TASK INSTRUCTIONS: Images don't belong in the copy. Output the rest of the data exactly.

DATA SECTION:
——

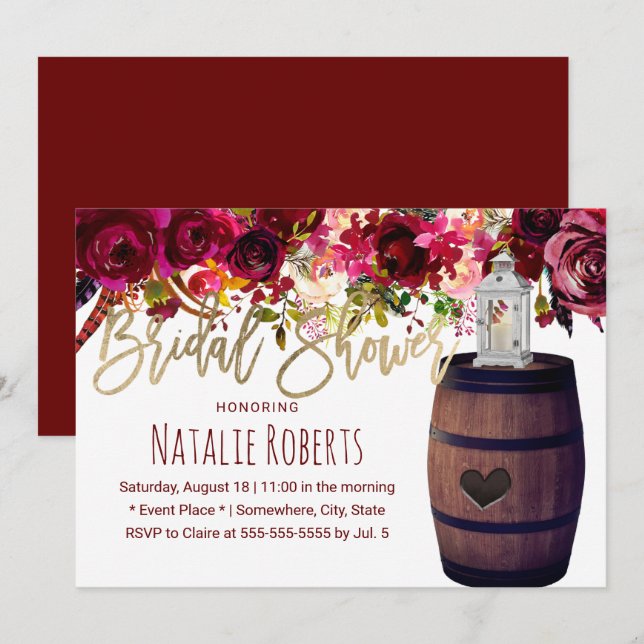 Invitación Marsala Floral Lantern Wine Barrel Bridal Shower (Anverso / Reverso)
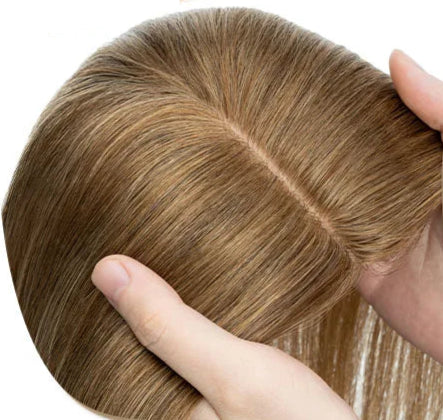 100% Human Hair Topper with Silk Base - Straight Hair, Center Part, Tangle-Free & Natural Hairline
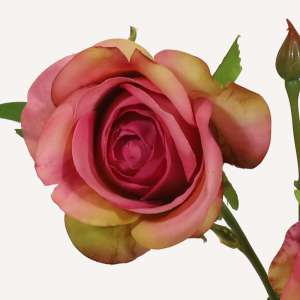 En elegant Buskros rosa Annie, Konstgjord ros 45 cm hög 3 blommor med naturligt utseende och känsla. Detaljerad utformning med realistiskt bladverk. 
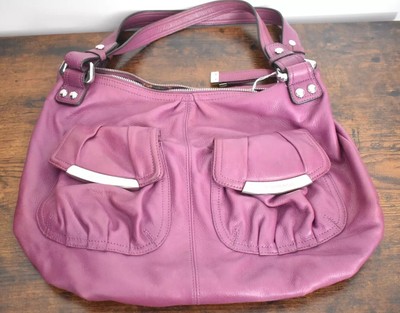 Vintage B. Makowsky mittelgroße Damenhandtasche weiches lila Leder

——

EXERCISE RESPONSE:
 Invitación Marsala Floral Lantern Wine Barrel Bridal Shower (Anverso / Reverso)
 100% Human Hair Topper with Silk Base - Straight Hair, Center Part, Tangle-Free & Natural Hairline
 En elegant Buskros rosa Annie, Konstgjord ros 45 cm hög 3 blommor med naturligt utseende och känsla. Detaljerad utformning med realistiskt bladverk. 
 Vintage B. Makowsky mittelgroße Damenhandtasche weiches lila Leder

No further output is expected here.